Paris, August 1 : Using the High Resolution Stereo Camera (HRSC), ESA's (European Space Agency's) Mars Express has acquired the sharpest images of the Martian moon Phobos.
The images were clicked when Mars Express closed in on Phobos on 23rd July, flying past at 2.96 km/s, only 100 km from the centre of the moon.
Measuring 27 km x 22 km x 19 km, Phobos is one of the least reflective objects in the Solar System, thought to be a captured asteroid or a remnant of the material that formed the planets.
The HRSC images, which are still under processing, form a bounty for scientists studying Phobos.
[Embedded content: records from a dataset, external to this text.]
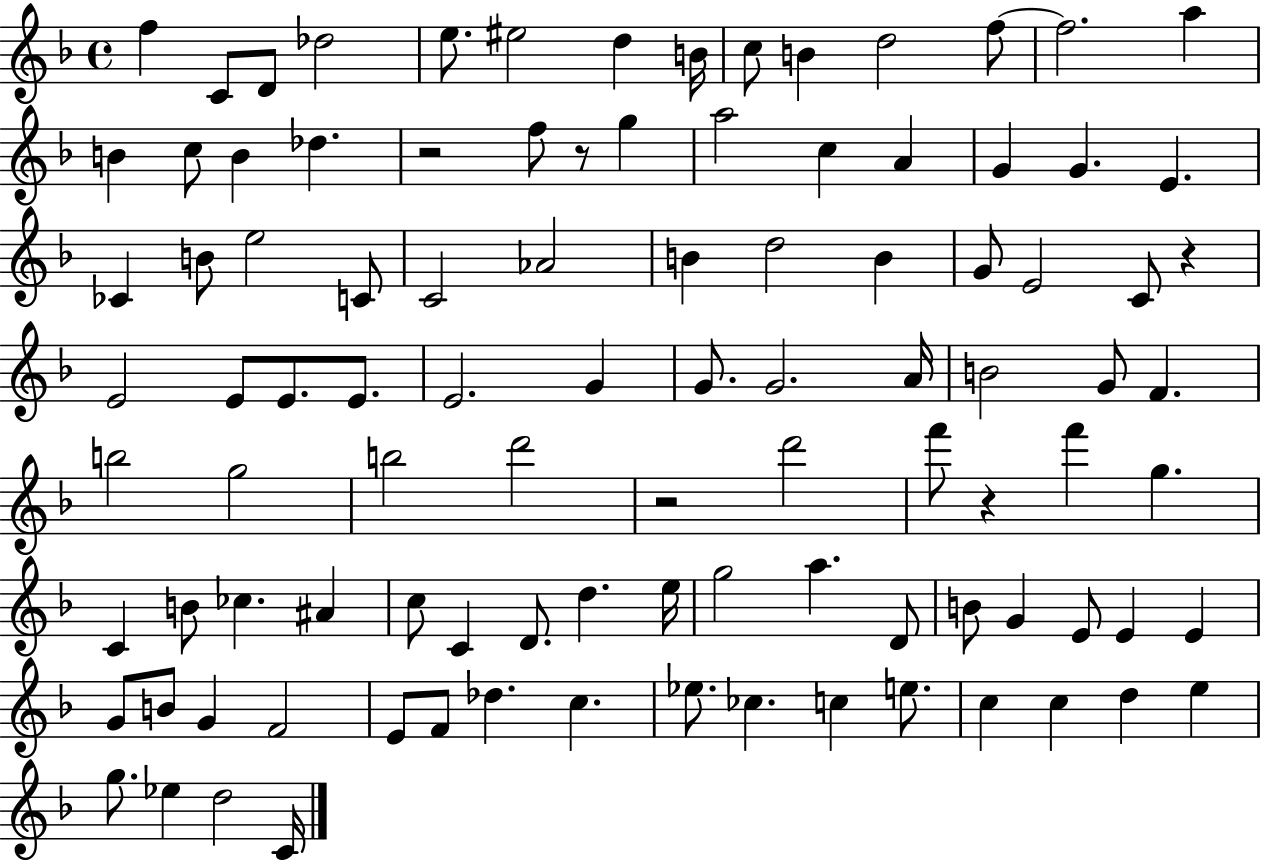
X:1
T:Untitled
M:4/4
L:1/4
K:F
f C/2 D/2 _d2 e/2 ^e2 d B/4 c/2 B d2 f/2 f2 a B c/2 B _d z2 f/2 z/2 g a2 c A G G E _C B/2 e2 C/2 C2 _A2 B d2 B G/2 E2 C/2 z E2 E/2 E/2 E/2 E2 G G/2 G2 A/4 B2 G/2 F b2 g2 b2 d'2 z2 d'2 f'/2 z f' g C B/2 _c ^A c/2 C D/2 d e/4 g2 a D/2 B/2 G E/2 E E G/2 B/2 G F2 E/2 F/2 _d c _e/2 _c c e/2 c c d e g/2 _e d2 C/4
They are a result of observations carried out over several close fly-bys of the martian moon, performed over the past three weeks.
At their best, the pictures have a resolution of 3.7 m/pixel and are taken in five channels to obtain images in 3-D and to perform analyses of the physical properties of the surface.
In observing Phobos, Mars Express benefits from its highly elliptical orbit which takes it from a closest distance of 270 km from the planet to a maximum of 10 000 km (from the centre of Mars), crossing the 6000 km orbit of the Martian moon.
Mars Express imaged the far-side of Phobos (with respect to Mars) for the first time after NASA's Viking mission in the 1970s, by flying outside the spacecraft's orbit around Mars.
The images obtained by several other spacecraft so far have either been of a lower resolution, or not available in 3D and have not covered the entire disc of Phobos.
This is also the first time that portions of the far-side of the moon have been imaged in such high resolution.
The moon's remarkably grooved surface can be seen in the pictures quite clearly.
The origin of these grooves is still debated. It is not known whether they are produced by ejecta thrown up from impacts on Mars, or if they result from the surface regolith, or soil, slipping into internal fissures.